* _Exercise requirements_
Return only the lines running from the top of the entries to the line with "Concerto grosso G-Dur, Op.3/3, HWV.314", inclusive, exactly as written.

Short descriptive text snippets:

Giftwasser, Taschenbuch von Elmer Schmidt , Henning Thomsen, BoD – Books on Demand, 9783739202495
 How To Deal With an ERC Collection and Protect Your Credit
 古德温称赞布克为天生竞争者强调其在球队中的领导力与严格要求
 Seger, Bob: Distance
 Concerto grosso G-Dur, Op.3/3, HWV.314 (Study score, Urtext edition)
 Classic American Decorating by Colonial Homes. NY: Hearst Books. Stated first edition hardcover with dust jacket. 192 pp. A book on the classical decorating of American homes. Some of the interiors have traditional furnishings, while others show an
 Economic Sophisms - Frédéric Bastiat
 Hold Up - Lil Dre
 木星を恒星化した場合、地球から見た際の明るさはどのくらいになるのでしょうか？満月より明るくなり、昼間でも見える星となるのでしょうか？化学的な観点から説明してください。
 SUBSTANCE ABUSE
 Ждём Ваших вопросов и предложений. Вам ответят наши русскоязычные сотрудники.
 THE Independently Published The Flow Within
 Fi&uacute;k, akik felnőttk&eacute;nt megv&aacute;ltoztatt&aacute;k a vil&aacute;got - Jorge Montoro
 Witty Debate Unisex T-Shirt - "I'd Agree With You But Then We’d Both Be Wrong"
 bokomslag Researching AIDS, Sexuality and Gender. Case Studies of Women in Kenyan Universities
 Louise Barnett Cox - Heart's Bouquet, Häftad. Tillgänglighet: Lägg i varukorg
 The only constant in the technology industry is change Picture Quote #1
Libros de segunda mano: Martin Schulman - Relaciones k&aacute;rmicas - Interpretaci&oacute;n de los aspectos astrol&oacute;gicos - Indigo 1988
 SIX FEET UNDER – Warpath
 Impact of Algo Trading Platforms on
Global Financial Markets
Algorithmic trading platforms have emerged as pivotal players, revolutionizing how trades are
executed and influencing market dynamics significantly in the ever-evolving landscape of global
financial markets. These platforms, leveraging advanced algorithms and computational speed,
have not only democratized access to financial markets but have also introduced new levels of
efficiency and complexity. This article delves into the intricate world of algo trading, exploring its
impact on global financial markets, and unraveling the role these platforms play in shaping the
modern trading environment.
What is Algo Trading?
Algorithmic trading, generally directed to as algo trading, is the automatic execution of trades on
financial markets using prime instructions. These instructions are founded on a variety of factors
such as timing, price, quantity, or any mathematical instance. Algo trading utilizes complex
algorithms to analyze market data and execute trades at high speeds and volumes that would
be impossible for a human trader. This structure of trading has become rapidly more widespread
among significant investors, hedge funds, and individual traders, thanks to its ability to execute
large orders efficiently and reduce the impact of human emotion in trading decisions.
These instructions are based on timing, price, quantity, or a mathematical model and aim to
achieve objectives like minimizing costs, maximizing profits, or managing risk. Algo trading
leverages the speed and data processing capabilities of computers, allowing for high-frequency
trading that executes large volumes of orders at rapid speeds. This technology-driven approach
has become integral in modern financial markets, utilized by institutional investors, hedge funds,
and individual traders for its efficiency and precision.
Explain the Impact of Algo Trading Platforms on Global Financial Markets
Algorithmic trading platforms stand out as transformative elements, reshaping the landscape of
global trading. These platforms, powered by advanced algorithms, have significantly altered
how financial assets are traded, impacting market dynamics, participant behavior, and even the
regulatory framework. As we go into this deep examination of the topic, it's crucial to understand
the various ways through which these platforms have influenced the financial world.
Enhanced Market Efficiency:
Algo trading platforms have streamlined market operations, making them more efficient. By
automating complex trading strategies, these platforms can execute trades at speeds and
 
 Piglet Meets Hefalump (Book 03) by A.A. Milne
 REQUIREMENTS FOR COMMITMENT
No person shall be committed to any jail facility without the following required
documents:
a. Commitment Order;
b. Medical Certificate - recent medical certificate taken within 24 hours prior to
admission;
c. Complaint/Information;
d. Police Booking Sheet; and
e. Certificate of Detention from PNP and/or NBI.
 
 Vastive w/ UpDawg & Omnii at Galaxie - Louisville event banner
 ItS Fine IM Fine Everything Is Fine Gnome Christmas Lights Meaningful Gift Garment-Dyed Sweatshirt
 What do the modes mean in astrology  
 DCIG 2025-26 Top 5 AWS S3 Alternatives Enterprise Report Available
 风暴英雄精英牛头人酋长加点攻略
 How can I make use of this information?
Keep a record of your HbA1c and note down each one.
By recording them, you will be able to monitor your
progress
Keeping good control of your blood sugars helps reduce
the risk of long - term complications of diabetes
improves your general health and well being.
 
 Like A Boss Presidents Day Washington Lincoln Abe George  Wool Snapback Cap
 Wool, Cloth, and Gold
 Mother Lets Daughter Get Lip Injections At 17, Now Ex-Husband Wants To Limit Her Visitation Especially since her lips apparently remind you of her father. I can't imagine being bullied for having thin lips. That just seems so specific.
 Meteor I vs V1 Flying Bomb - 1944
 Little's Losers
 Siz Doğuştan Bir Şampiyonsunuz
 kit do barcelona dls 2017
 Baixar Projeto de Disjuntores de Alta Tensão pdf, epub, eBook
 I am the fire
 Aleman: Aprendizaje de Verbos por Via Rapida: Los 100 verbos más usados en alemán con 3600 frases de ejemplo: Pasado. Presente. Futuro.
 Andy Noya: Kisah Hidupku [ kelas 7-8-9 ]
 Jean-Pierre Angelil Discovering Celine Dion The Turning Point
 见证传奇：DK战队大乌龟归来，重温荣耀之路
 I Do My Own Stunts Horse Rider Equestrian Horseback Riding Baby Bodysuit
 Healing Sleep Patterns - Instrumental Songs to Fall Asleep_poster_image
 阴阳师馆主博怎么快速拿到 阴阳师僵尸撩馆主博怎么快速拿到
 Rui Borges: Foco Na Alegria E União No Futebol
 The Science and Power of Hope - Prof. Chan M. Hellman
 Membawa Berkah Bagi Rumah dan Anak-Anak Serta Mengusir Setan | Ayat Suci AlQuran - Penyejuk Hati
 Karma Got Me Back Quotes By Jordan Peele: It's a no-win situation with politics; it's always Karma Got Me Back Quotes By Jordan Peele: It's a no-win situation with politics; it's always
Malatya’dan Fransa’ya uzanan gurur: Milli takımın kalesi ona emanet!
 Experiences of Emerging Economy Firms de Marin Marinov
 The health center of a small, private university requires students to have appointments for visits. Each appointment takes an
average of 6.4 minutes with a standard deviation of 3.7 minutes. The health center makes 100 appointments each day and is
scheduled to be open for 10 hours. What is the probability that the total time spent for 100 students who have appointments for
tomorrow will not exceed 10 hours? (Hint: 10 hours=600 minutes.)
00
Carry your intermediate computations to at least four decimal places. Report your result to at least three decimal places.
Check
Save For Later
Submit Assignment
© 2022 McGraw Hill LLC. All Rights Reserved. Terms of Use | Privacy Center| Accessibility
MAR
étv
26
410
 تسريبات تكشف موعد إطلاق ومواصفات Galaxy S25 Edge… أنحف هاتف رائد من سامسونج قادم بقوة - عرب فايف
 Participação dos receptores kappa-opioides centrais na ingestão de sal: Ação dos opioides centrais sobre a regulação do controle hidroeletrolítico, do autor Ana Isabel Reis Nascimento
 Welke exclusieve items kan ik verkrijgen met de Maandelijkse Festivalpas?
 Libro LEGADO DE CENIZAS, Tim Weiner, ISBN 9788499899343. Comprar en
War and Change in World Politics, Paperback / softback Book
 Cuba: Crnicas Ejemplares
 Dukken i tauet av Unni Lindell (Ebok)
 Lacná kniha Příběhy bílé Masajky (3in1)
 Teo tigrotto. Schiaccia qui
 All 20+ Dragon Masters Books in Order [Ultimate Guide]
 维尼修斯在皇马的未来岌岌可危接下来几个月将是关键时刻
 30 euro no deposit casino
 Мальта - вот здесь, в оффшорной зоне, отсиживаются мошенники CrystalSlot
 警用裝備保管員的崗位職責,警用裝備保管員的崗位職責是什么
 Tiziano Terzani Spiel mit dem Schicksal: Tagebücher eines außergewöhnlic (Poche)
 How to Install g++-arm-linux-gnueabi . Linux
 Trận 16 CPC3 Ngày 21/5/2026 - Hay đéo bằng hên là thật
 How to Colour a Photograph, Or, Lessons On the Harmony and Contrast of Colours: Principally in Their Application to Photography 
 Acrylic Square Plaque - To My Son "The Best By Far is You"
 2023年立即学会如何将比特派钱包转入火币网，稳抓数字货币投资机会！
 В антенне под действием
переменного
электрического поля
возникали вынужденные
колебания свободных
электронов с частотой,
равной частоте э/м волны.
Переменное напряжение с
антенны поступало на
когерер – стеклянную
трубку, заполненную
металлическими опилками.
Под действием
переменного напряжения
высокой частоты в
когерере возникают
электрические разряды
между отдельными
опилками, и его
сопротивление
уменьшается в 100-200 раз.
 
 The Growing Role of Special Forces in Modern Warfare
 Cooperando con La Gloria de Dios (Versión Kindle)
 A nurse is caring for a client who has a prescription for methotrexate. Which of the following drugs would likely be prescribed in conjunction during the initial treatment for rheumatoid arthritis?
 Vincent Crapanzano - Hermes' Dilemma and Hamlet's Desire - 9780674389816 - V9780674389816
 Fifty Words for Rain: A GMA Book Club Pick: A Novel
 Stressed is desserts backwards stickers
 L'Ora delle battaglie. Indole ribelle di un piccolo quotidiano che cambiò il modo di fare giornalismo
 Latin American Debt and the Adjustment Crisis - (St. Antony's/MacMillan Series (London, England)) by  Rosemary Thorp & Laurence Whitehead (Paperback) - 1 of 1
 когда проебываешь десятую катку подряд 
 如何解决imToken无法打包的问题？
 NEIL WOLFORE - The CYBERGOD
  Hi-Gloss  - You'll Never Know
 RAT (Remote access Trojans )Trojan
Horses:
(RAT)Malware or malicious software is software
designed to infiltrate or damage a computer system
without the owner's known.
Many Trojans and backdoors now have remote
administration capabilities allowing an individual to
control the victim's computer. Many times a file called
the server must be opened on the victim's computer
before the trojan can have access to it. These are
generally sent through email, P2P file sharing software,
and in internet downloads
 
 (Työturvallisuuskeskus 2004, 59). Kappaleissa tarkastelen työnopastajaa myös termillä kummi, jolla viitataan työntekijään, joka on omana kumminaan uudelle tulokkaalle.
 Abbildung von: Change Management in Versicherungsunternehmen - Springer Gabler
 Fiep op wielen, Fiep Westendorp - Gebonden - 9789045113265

* _Response to this task_
Giftwasser, Taschenbuch von Elmer Schmidt , Henning Thomsen, BoD – Books on Demand, 9783739202495
 How To Deal With an ERC Collection and Protect Your Credit
 古德温称赞布克为天生竞争者强调其在球队中的领导力与严格要求
 Seger, Bob: Distance
 Concerto grosso G-Dur, Op.3/3, HWV.314 (Study score, Urtext edition)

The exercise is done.